Below are some records. Write out exactly their lines from the one with "Green Linen Saree" through the one with "Blooming splice printing", and leave the pictures behind.

▶ _Records_:
"""
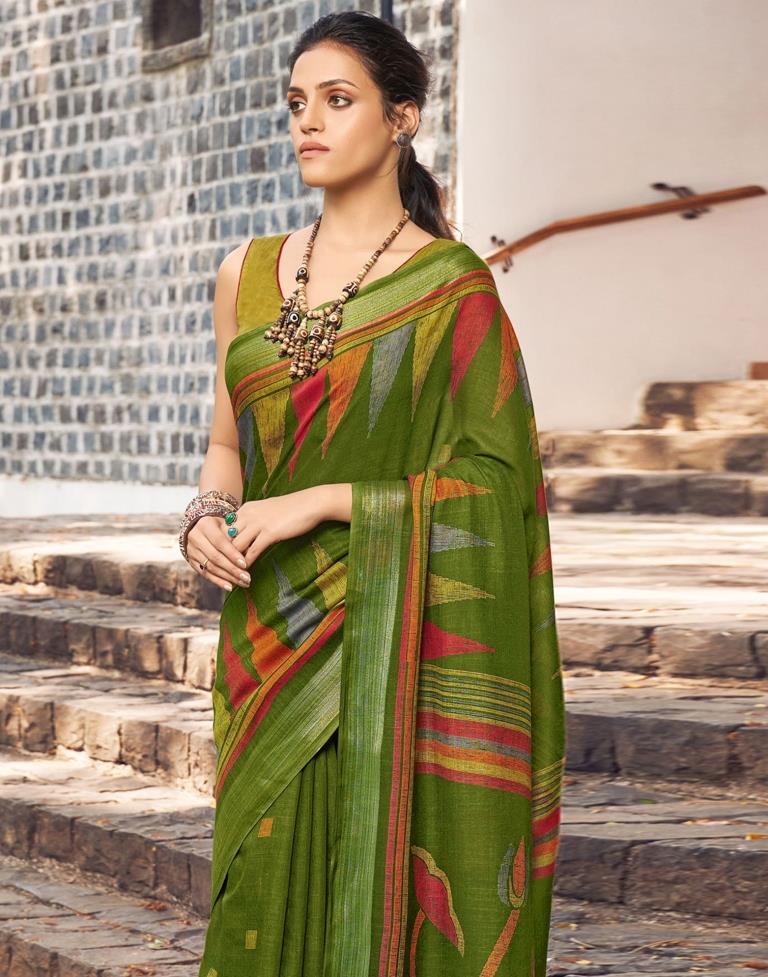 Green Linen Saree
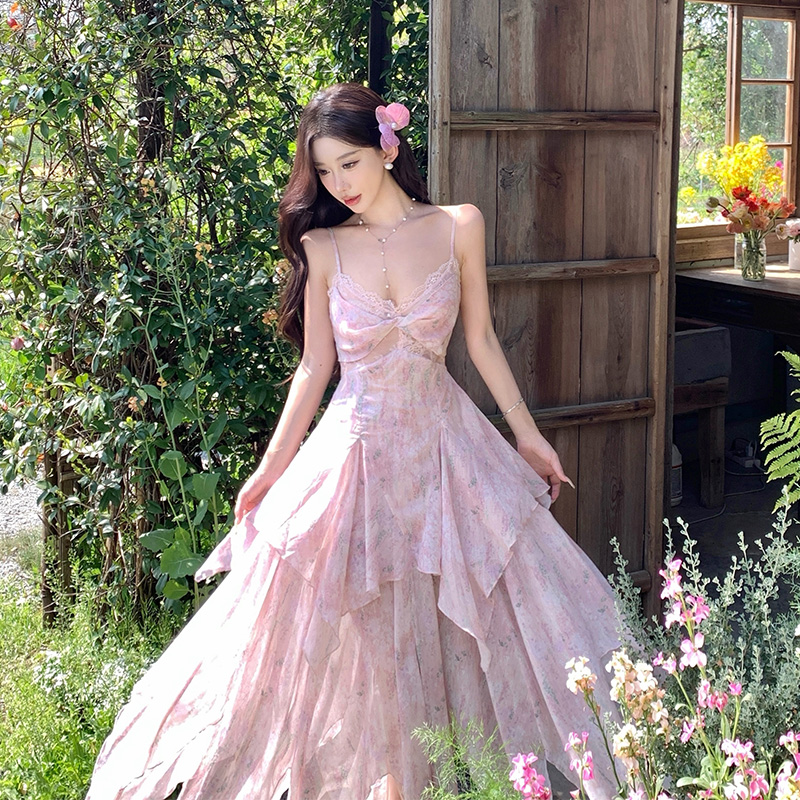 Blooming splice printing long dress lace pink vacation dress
"""
"""
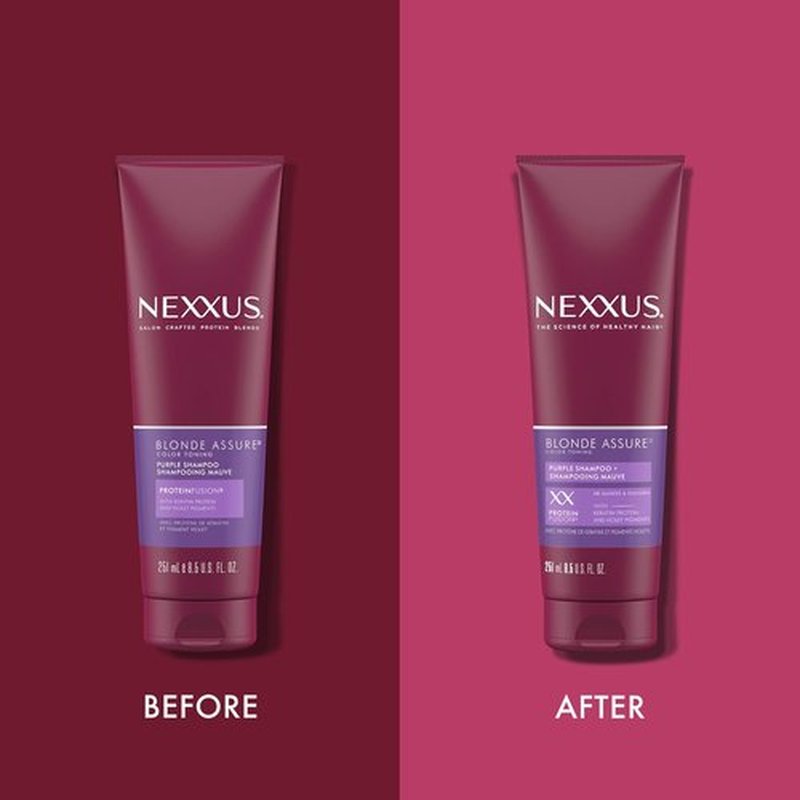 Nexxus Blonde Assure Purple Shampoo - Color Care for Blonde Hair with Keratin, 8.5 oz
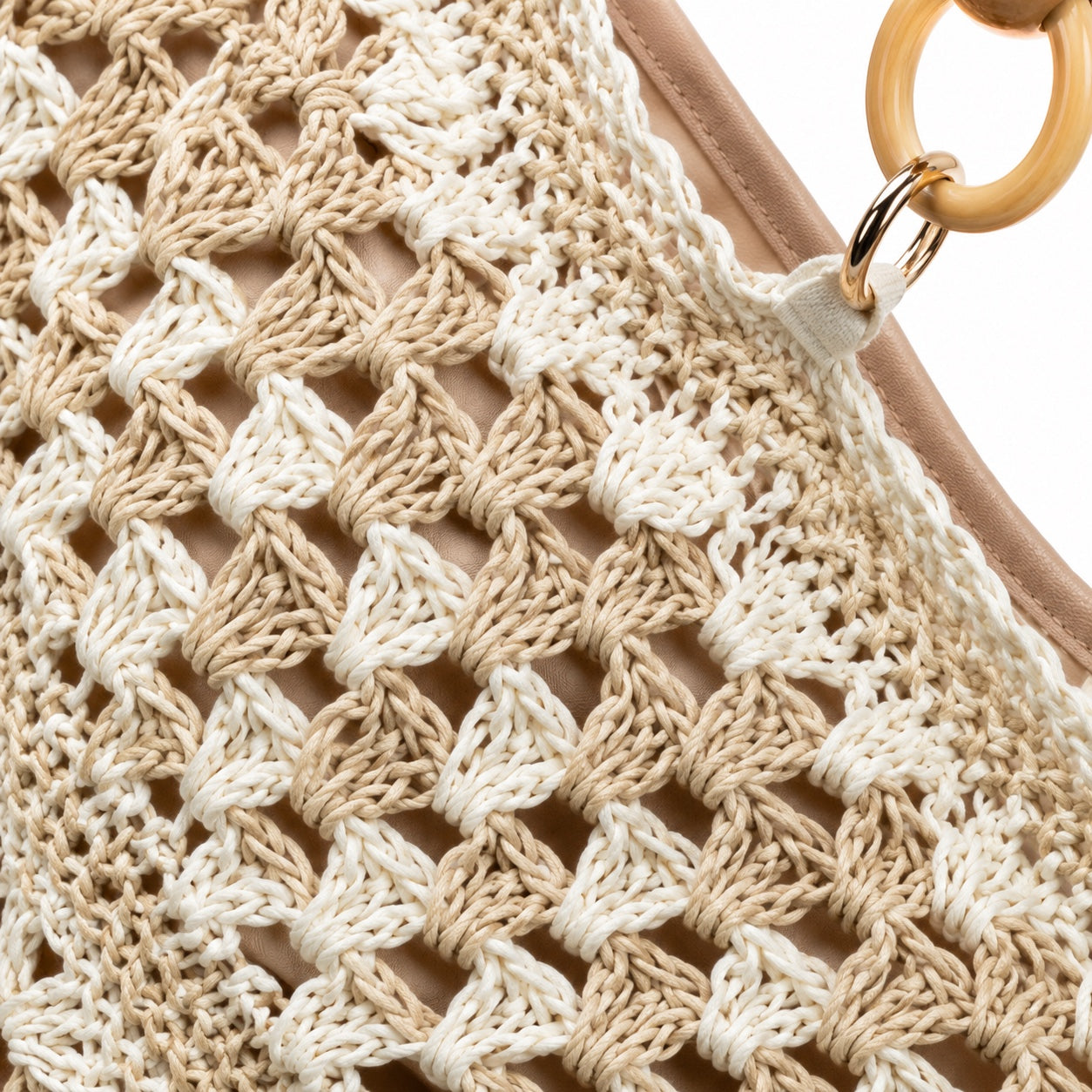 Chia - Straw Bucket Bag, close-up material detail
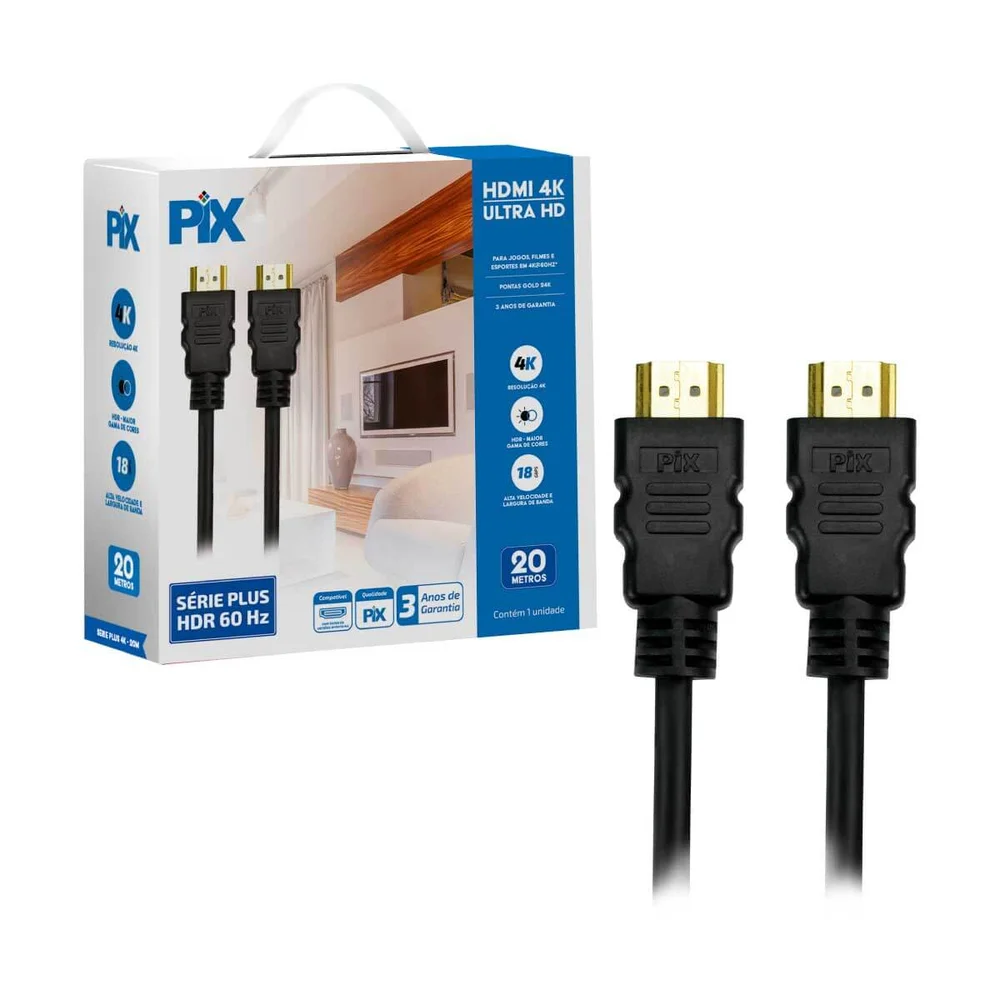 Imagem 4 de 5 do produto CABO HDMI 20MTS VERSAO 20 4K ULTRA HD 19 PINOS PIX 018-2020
"""
▶ _Reply to the exercise_:
 Green Linen Saree
 Blooming splice printing long dress lace pink vacation dress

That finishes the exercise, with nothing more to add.